According to him, IFFs are inherently difficult to measure due to several factors, including the illegality and opacity associated with some of these flows, their underlying activities, limited data, the absence of a uniform and consensual definition of IFFs and the lack of a universally accepted methodology to estimate or monitor IFFs.
“Consequently, the scale of IFFs out of African countries remains a matter of controversy with estimates varying greatly and are heavily debated. For instance, the United Nations Economic Commission for Africa, UNECA, High Level Panel, HLP, on IFFs stated that Africa is estimated to have lost $1 trillion or more over the past 50 years to IFFs and is estimated to be losing more than $50 billion annually in IFFs.
“This is corroborated by the Organisation for Economic Co-operation and Development, OECD, which estimated that Africa loses as much as $60 billion each year in IFFs,” he said.
According to him, despite the challenges in estimating the scale of IFFs in Africa and the critiques of the current estimates on IFFs, there is widespread agreement among critical stakeholders that their scale is huge, and growing and are almost equal to Official Development Assistance, ODA, and Foreign Direct Investments, FDI, flows to Africa combined.
On the threats of IFFs to African Economy, Harris noted that IFFs are a threat to sustainable development and one of the greatest contemporary challenges facing the international community and in particular, Africa shows that IFFs have severe economic, social and political consequences on Africa.
He observed that although the direct economic impacts of IFFs on Africa cannot be precisely quantified, IFFs constitute a major threat to Africa with significant devastating consequences as a vast volume of wealth is lost each year that could be used to fund sustainable economic development and provide public services.
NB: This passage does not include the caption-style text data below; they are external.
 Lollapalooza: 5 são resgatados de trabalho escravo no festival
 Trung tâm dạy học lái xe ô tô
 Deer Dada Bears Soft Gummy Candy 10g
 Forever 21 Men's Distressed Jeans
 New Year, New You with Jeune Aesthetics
“In particular, IFFs undermine domestic revenue collection and have adverse consequences on the ability of African countries to optimally benefit from the extractive sectors. Thus, IFFs exacerbate the challenges African governments face in mobilizing domestic resources to address the needs of citizens, to promote development, and to achieve the Sustainable Development Goals. Also, IFFs deprive the African countries of appreciable amounts of investment funds, which could otherwise spur economic growth.
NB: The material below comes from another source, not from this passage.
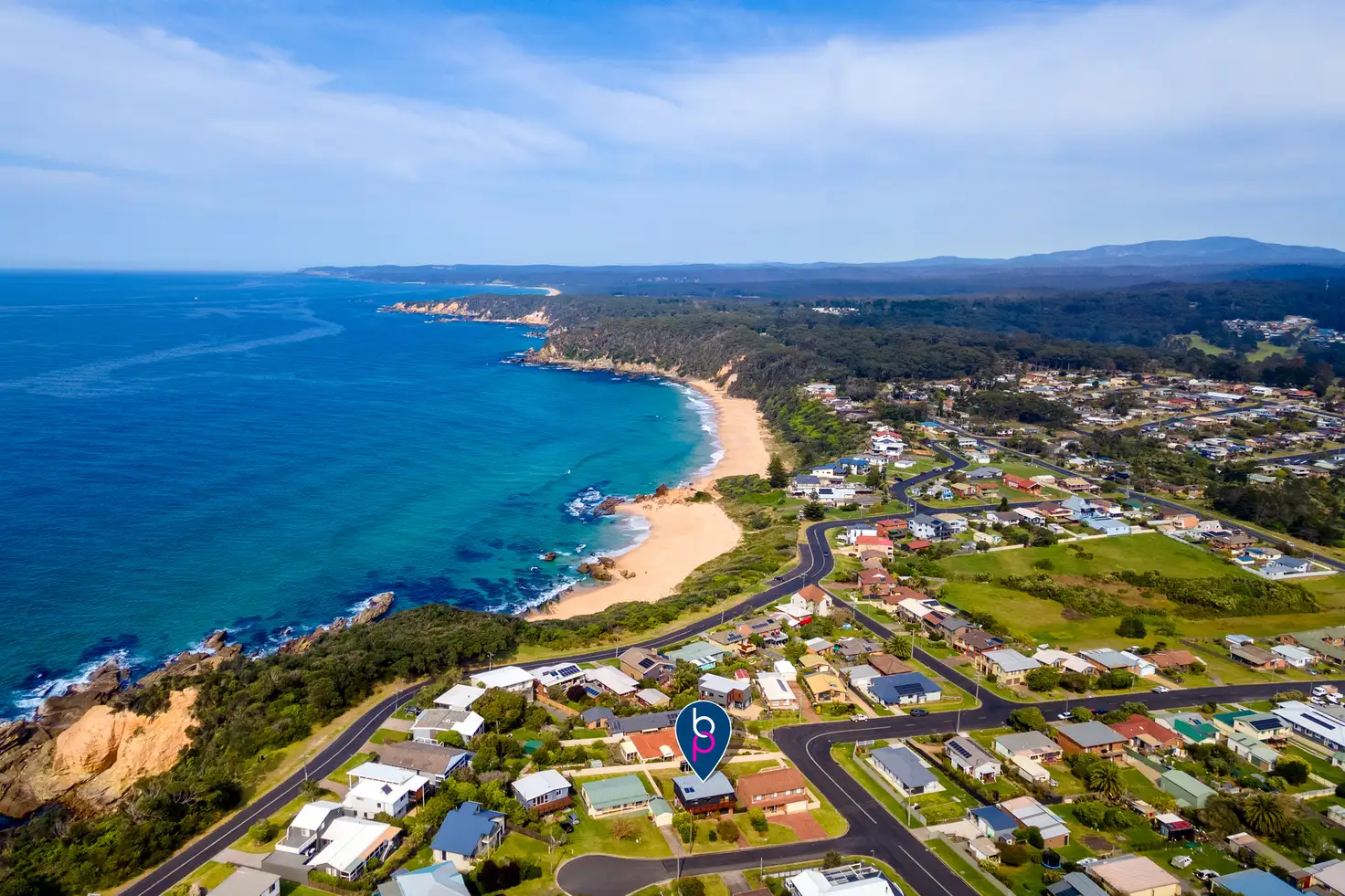 Main view of Homely house listing, 9 Callow Place, Bermagui NSW 2546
“In addition to foregone investment, IFFs are presently curtailing Africa’s savings rate. Furthermore, IFFs are also inhibiting African economic development by stifling trade and macroeconomic stability,” he said, adding that on the social front, the negative social impact of IFFs on Africa manifest in several ways, including poverty and inequalities. As noted earlier, IFFs deplete government revenue.